Ana lembra que a definição do valor das prestações "ignora quesitos importantes - renda per capita, vulnerabilidade social e custo de vida da região - produzindo ineficiências com a cobrança de prestações aquém do que a família pode realmente pagar, desperdiçando escassos recursos públicos, e injustiças pela cobrança de valores que outras famílias, de fato, não dispõem".

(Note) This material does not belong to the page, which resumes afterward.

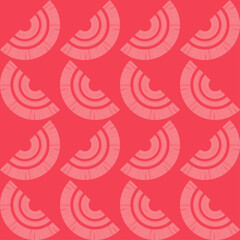 Polka dots seamless pattern. Striped circles and semi-circles. Mosaic of ethnic figures. Patterned texture. Geometric background. Vector illustration for web design or print.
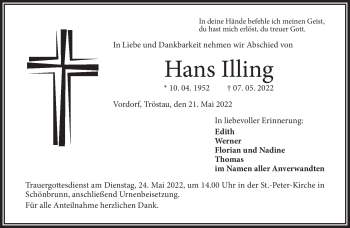 Traueranzeige von Hans Illing von Frankenpost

O descompasso existente entre os entes federativos coloca sempre o município na ponta da corda. Vítima das principais consequências de políticas macroeconômicas ditadas pela União, as cidades têm sofrido continuadamente graças aos equívocos cometidos por muitos dos programas federais e estaduais. Como exemplo recente tem-se as políticas de incentivo à compra de automóveis, que entupiram ruas e avenidas trazendo em seu bojo resultados perigosos não somente para a saúde pública e a questão ambiental, como para a redução dos já exíguos espaços públicos, transformando-os em meros espaços de "passagem". Os programas habitacionais produziram estrago similar, ao pressionar os custos dos transportes e tornar a gestão das cidades cada vez mais improváveis e caras. Como lembra Fajardo, "será com o acesso à cidade e seus benefícios, acesso à diversidade, ao capital humano, ao conhecimento, à cultura e aos serviços públicos, ao atrito que forja a urbanidade, que poderemos romper o círculo que gera e regenera o abismo social".
Se os prefeitos não começarem a questionar as políticas federais, invertendo o jogo político, as cidades se tornarão cada vez mais ingovernáveis. E com a crescente urbanização não haverá possibilidade de retorno: o inchaço produzirá despesas crescentes, impactando os cofres municipais a tal ponto que não restará verba suficiente nem mesmo para as mínimas ações de zeladoria. Atrair o poder privado, com ações criativas e momentâneas, pode ser um paliativo, mas jamais será uma solução, antes pelo contrário. A corda continuará a ser esticada, e o cidadão continuará a ser tratado como vítima de um problema do qual desconhece as origens.
Como ações mitigadoras e ao mesmo tempo promotoras da participação do cidadão na recuperação de sua cidade há muito que fazer. Recuperar espaços públicos dedicando-os à convivência urbana; investir em modos não poluentes e não motorizados, criando redes de transporte permeáveis; focar prioritariamente nas populações mais vulneráveis (uma cidade boa para portadores de deficiências e crianças será sempre uma cidade mais humana), estes são apenas alguns exemplos de ações que exigem dos gestores não apenas atitude, como diálogo permanente com a sociedade. Um prefeito ousado pode começar olhando para as escolas e seus bairros. E irá perceber uma realidade reveladora: quantas de suas crianças já foram a pé para a escola? Quantas possuem bicicleta? As respostas a essas perguntas simples irão revelar uma cidade doente, que só irá se recuperar se a maioria das pessoas for envolvida nas soluções, num movimento democrático de baixo para cima, e não autocrático e paternalista de cima para baixo.
As mudanças políticas, invertendo as prioridades e focando nos municípios, estas virão como decorrência natural, fruto da vontade coletiva por uma cidade melhor e para todos. No entanto, é preciso começar o quanto antes.